Mahfud MD Sebut RI Dapat Pulau Baru 2.000 kali Luas Sipadan-Ligitan, Ini Datanya
loading...
A
A
A
JAKARTA - Menteri Koordinator Bidang Politik Hukum dan Keamanan (Menko Polhukam) Mahfud MD mengatakan pada 2017, Indonesia mendapatkan tambahan pulau baru di Aceh Barat yang luasnya 2.000 kali Pulau Sipadan-Ligitan yang lepas dari Indonesia.
Sayangnya, menurutnya, orang tidak pernah menyebut atau memberikan pujian atas pengakuan Perserikatan Bangsa-Bangsa (PBB) terhadap adanya pulau baru tersebut. Berbeda ketika dua pulau yakni Sipadan-Ligitan lepas dari Indonesia, publik bersuara keras dan menganggap pemerintah gagal dalam menjaga aset dan teritorial Indonesia. (Baca juga: Sipadan-Ligitan Lepas, Mahfud MD Sebut Indonesia Dapat Pulau Baru di Dekat Aceh)
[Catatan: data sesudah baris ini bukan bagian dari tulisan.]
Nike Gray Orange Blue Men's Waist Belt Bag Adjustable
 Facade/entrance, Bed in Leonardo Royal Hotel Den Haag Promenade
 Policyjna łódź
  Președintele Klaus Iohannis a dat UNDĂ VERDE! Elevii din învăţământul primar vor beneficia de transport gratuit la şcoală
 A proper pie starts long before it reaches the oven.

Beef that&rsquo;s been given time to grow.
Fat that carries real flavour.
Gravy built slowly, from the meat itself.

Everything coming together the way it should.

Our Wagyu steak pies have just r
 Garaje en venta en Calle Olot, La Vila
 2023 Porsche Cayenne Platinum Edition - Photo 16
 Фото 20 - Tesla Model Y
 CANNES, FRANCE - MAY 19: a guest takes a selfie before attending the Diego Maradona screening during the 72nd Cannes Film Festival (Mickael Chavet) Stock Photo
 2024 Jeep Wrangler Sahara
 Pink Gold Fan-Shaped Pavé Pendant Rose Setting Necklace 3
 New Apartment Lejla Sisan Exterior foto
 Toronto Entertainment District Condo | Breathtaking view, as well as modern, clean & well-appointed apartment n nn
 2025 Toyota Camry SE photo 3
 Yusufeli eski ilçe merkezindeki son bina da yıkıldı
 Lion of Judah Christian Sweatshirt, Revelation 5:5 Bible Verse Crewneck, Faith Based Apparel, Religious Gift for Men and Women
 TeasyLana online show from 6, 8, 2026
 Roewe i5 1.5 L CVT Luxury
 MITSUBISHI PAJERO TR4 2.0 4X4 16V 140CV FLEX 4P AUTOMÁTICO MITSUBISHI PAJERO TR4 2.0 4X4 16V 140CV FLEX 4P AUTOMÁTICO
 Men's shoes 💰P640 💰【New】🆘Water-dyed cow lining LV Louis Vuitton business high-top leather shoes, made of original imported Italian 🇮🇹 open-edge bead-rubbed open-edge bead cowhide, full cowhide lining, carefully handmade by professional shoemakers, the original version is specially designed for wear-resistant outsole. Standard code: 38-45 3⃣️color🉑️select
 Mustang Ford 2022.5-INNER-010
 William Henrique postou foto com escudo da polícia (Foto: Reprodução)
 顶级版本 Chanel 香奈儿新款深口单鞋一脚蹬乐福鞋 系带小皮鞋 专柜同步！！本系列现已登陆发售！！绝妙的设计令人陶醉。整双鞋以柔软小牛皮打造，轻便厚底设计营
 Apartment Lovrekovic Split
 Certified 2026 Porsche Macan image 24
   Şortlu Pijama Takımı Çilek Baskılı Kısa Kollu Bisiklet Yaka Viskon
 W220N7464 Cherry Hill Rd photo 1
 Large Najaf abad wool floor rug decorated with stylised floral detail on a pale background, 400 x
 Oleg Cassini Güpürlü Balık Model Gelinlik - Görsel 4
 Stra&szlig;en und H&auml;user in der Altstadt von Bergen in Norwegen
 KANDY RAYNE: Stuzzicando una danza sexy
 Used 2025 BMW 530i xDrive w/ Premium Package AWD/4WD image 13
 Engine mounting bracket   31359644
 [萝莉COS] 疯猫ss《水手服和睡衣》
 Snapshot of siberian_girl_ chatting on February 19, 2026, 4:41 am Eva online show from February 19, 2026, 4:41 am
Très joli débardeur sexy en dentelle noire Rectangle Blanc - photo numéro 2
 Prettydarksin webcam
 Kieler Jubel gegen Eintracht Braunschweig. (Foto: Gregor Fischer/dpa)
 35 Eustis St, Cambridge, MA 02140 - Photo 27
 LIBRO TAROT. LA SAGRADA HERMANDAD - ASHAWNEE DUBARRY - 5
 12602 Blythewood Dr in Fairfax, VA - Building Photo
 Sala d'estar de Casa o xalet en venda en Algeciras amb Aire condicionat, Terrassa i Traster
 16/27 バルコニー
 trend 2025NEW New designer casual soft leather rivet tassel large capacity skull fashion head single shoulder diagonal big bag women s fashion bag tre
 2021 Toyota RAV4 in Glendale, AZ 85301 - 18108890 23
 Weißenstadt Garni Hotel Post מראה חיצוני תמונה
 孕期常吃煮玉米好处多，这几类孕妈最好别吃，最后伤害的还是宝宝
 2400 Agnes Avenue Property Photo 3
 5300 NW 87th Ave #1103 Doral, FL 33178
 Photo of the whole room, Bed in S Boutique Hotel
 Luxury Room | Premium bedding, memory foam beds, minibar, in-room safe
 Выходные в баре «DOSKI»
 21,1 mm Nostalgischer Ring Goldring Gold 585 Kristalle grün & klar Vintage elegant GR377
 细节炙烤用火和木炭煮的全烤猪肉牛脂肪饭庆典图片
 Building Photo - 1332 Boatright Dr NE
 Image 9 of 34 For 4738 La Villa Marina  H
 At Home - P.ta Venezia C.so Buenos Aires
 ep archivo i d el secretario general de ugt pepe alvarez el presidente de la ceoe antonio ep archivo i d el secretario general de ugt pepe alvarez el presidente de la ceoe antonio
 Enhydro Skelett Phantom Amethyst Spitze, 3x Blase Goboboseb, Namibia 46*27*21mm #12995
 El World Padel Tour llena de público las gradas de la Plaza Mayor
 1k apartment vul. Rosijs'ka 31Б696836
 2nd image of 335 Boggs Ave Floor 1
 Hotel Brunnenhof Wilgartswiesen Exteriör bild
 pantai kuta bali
Mahfud tidak menyebut secara rinci tambahan pulau yang dimaksud. Namun berdasarkan data dari Kementerian Kelautan dan Perikanan (KKP), pada 2017 lalu, Indonesia secara resmi melaporkan 2.590 pulau bernama ke PBB sehingga pulau bernama di Indonesia bertambah menjadi 16.056 pulau. (Baca juga: Pulau Komodo Akan Jadi Kelas Premium, Luhut: Mau ke Sana Harus Bayar Mahal)
Dikutip dari website resmi kkp.go.id, Rabu (16/12/2020), pada 2017 lalu, KKP bersama Delegasi RI yang diketuai Kepala Badan Informasi Geospasial (BIG) menghadiri 30th Session of the The United Nations Group of Experts on Geographical Names (UNGEGN) dan 11th Session United Nations Conference on the Standardization of Geographical Names (UNCSGN) yang berlangsung pada 7-18 Agustus 2017 di New York, Amerika Serikat. UNGEGN melalui 24 divisi geografis/linguistik dan kelompok kerja menangani masalah pelatihan, digital file data dan gazetteers, sistem romanisasi, nama negara, terminologi, publisitas dan pendanaan, serta pedoman toponimi.
Tujuan UNGEGN bagi setiap negara adalah memutuskan pembakuan nama geografis berstandar nasional melalui proses administrasi yang diakui oleh National Names Authority dari masing-masing negara dan didistribusikan secara luas dalam bentuk standar nasional seperti gazetteers, atlas, basis data berbasis web, pedoman toponimi atau nama, dll. Sebagai dasar perlunya standarisasi global nama geografis, UNGEGN mengutamakan pencatatan nama lokal yang digunakan dan mencerminkan bahasa dan tradisi suatu negara.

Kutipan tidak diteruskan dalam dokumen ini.